L’extrême gauche, chien de garde du capitalisme
Dans un premier temps, Charles Robin revient aux sources philosophiques du libéralisme et rappelle que « la philosophie libérale se présente, dès l’origine, comme un courant de pensée double », reposant :
- d’une part sur le postulat suivant lequel l’initiative privée et la libre concurrence au sein du Marché sont ce qui garantit seul le bien commun par l’équilibrage et par l’harmonisation naturels des intérêts particuliers ;
- d’autre part sur la primauté du principe de liberté individuelle à l’égard des conventions sociales imposées de manière arbitraire par les institutions.

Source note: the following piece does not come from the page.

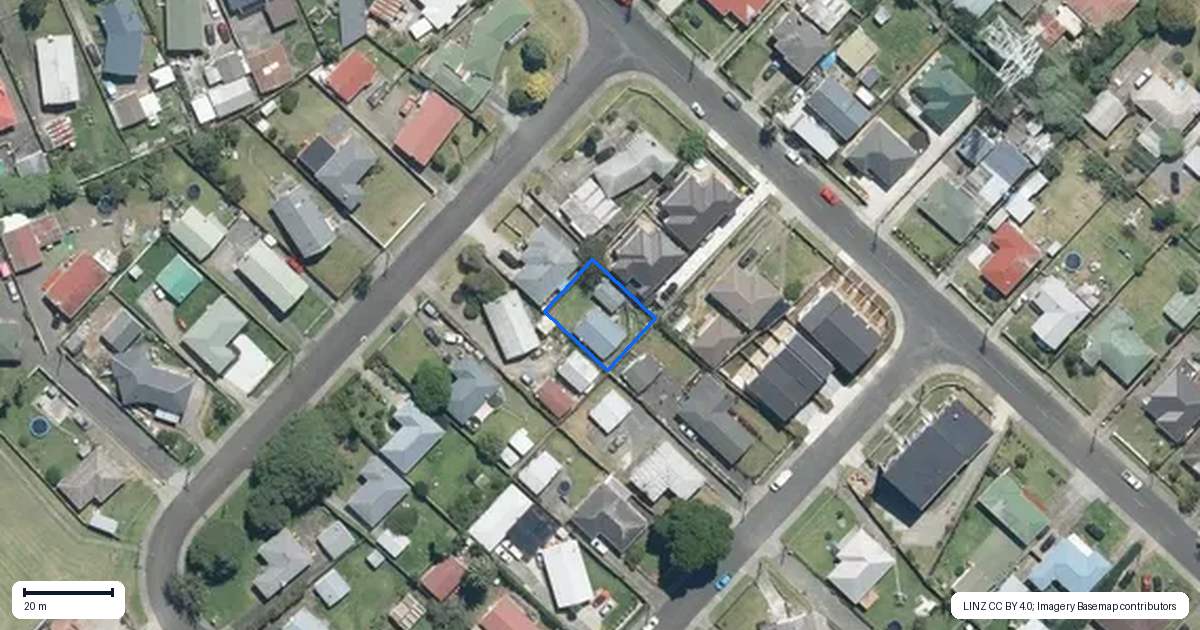 Property context map for 4B Whitley Crescent, Otara, Auckland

Il s’agit donc d’un « programme philosophique global qui pose l’individu et sa liberté (supposée “naturelle”) comme les seules instances normatives de la vie en société ». Et Robin de poursuivre :
« … Dès l’instant où l’idéal philosophique du “gouvernement par la liberté” a été posé comme la visée théorique et pratique qui structure tout l’édifice de la pensée libérale, l’opposition classique entre libéralisme politique et libéralisme économique tend inévitablement à s’abolir. Cela revient à dire […] qu’il n’existe aucune contradiction de principe entre la lutte des “libertaires” d’extrême gauche, pour une expansion illimitée des libertés individuelles (la “libéralisation des mœurs”) et les plaidoyers incessants des économistes libéraux en faveur d’un Marché mondial “libre”, “ouvert” et “concurrentiel”. »

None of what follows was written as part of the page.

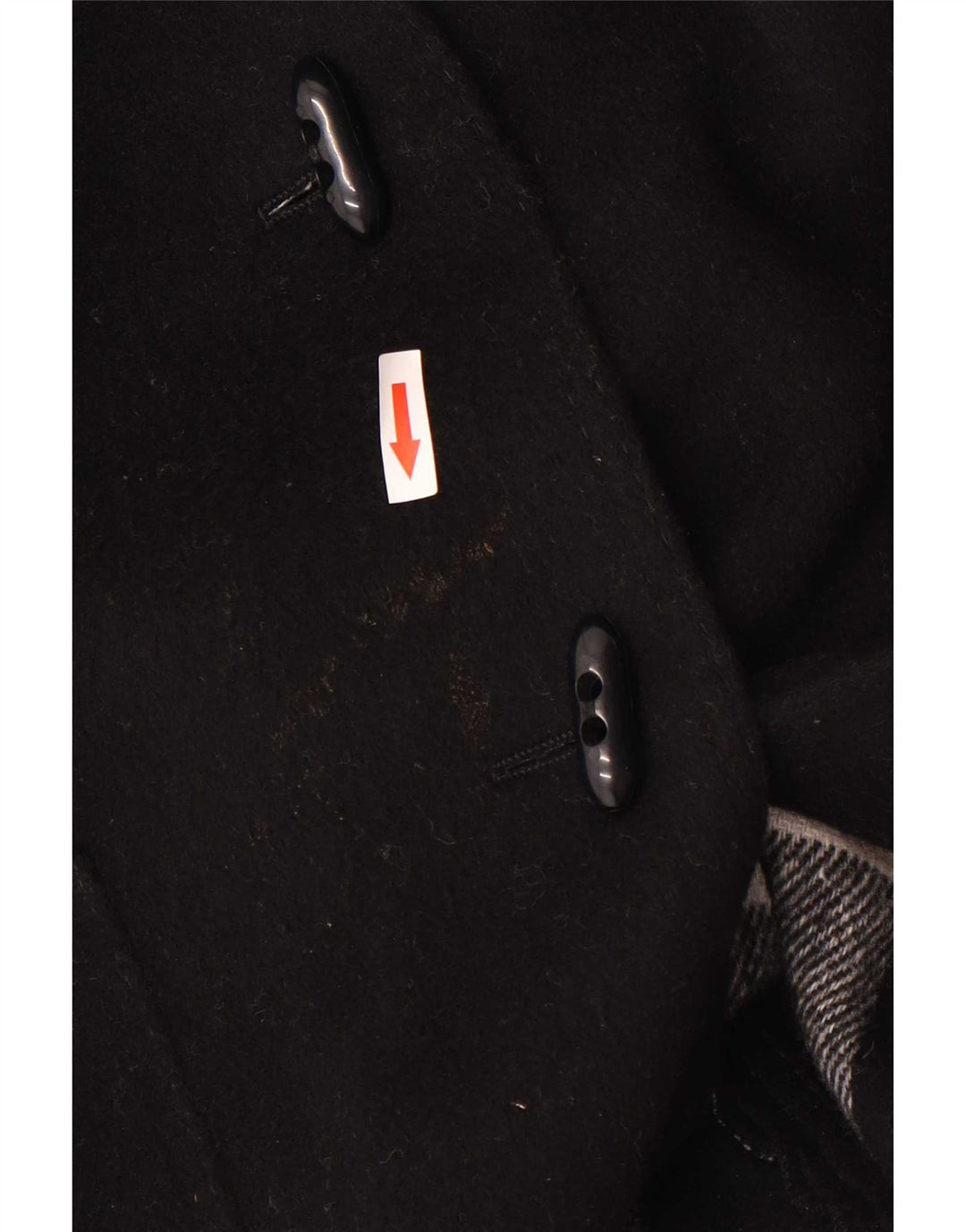 Cappotto poncho da donna Althof Petit Paris EU 38 lana nera media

Le cœur de l’analyse repose donc sur l’idée de l’unité du libéralisme, via la convergence entre formalisme politique et matérialisme économique. Cette idée peut être résumée de la façon suivante :
« La doctrine dite du libre-échange ne constitue pas autre chose que l’application à la sphère marchande du principe de liberté individuelle qui gouverne l’épistémologie politique du libéralisme du droit naturel […] dans un second temps, en déléguant à l’économie le soin de fixer les modalités sous lesquelles toute vie humaine serait appelée désormais à se dérouler – à savoir la recherche permanente du profit – les partisans de la thèse du libre-échange [invitent inéluctablement] à l’élimination méthodique de tous les obstacles politiques et culturels à l’avènement du marché, c’est-à-dire, en définitive, à l’abolition de tout ce qui, dans les lois, les coutumes et les mœurs léguées par l’histoire, entrave encore l’action rationnelle des individus, c’est-à-dire la libre poursuite par ceux-ci de leurs intérêts bien compris. […] Il existe, par conséquent, un lien étroit qui invite à voir dans la lutte incessante des libéraux politiques en faveur d’une émancipation sans fin vis-à-vis des structures normatives traditionnelles (Eglises, Morale, Tradition) la condition culturelle et anthropologique de l’expansion du principe marchand que les libéraux économiques appellent unanimement de leurs vœux. »
Cette analyse, exposée dans la seconde partie, « L’extrême gauche et le libéralisme », est reprise sous une forme plus concrète dans l’entretien intitulé « L’extrême gauche, armée de réserve du libéralisme ».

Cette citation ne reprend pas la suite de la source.